Decreased Serum Concentrations of 25-Hydroxycholecalciferol Are Associated With Increased Risk of Progression to Impaired Fasting Glucose and Diabetes

  1. Ran D. Balicer, MD, PHD, MPH2,5
  1. 1Diabetes and Endocrinology Clinic, Clalit Health Services, Jerusalem, Israel
  2. 2Clalit Research Institute and Chief Physician Office, Clalit Health Services, Tel Aviv, Israel
  3. 3Department of Research and Information, Chief Physician Office, Clalit Health Services, Tel Aviv, Israel
  4. 4Endocrinology and Metabolism Service, Department of Medicine, Hadassah-Hebrew University Medical Center, Jerusalem, Israel
  5. 5Epidemiology Department, Ben-Gurion University of the Negev, Beer-Sheva, Israel
  1. Corresponding authors: Anat Tsur, tsuranat{at}, and Gil Leibowitz, gleib{at}
  1. A.T. and B.S.F. contributed equally to this study.

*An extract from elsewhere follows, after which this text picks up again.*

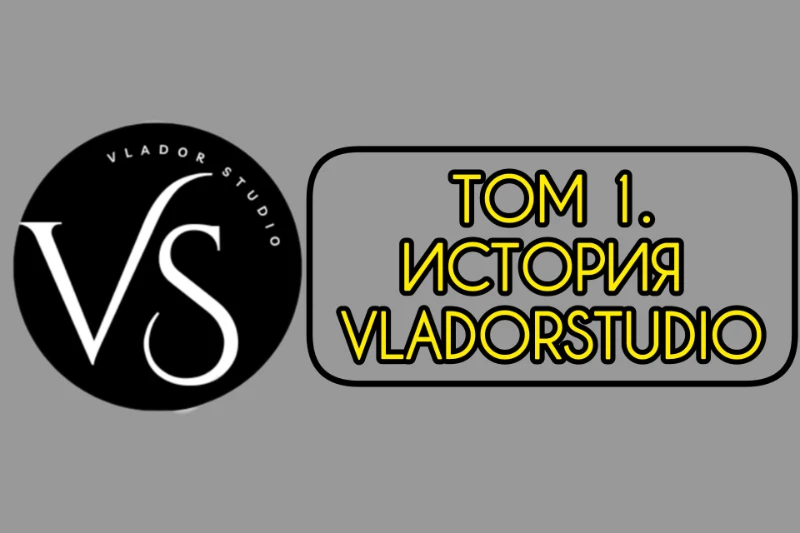 История VladorStudio | Моя биография на Pikuco | Как Владор стал Веспериусом? История VladorStudio | Моя биография на Pikuco | Как Владор стал Веспериусом?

OBJECTIVE To study the association between vitamin D status and the risk of incident impaired fasting glucose (IFG) and diabetes in a population-based cohort of diabetes-free subjects.

RESEARCH DESIGN AND METHODS In a historical prospective cohort study of subjects from the Clalit Health Services database, which includes information on nearly 4 million people, diabetes-free subjects aged 40–70 years with serum 25-hydroxyvitamin D (25-OHD) measurements available were followed up for 2 years to assess the development of IFG and diabetes in five 25-OHD subgroups: ≥25, 25.1–37.5, 37.6–50, 50.1–75, and >75 nmol/L.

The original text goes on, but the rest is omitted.